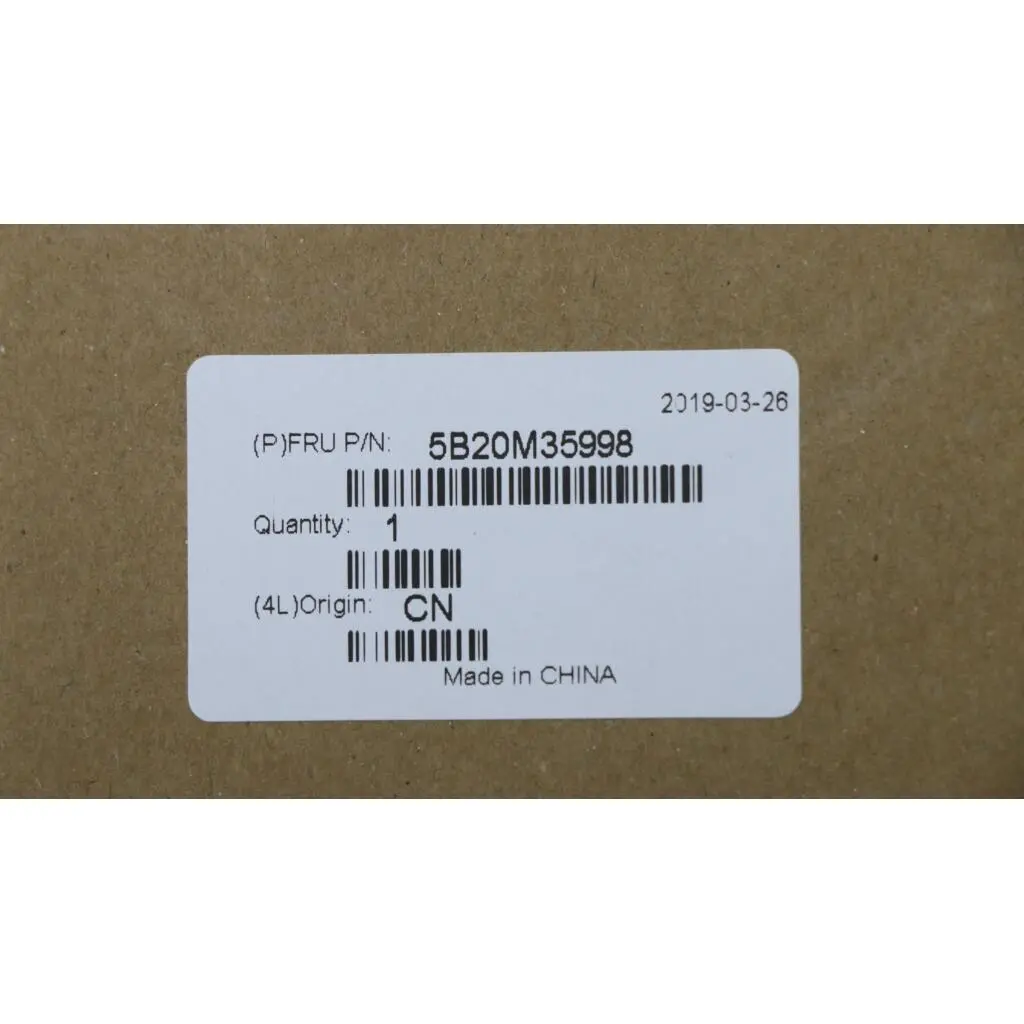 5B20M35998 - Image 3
==
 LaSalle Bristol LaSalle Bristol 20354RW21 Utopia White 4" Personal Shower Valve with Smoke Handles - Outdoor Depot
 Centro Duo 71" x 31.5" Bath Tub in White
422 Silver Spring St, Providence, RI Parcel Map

Directions
Only lines that contain "White" are needed, so copy each of them from the data.

Solution for this exercise
 LaSalle Bristol LaSalle Bristol 20354RW21 Utopia White 4" Personal Shower Valve with Smoke Handles - Outdoor Depot
 Centro Duo 71" x 31.5" Bath Tub in White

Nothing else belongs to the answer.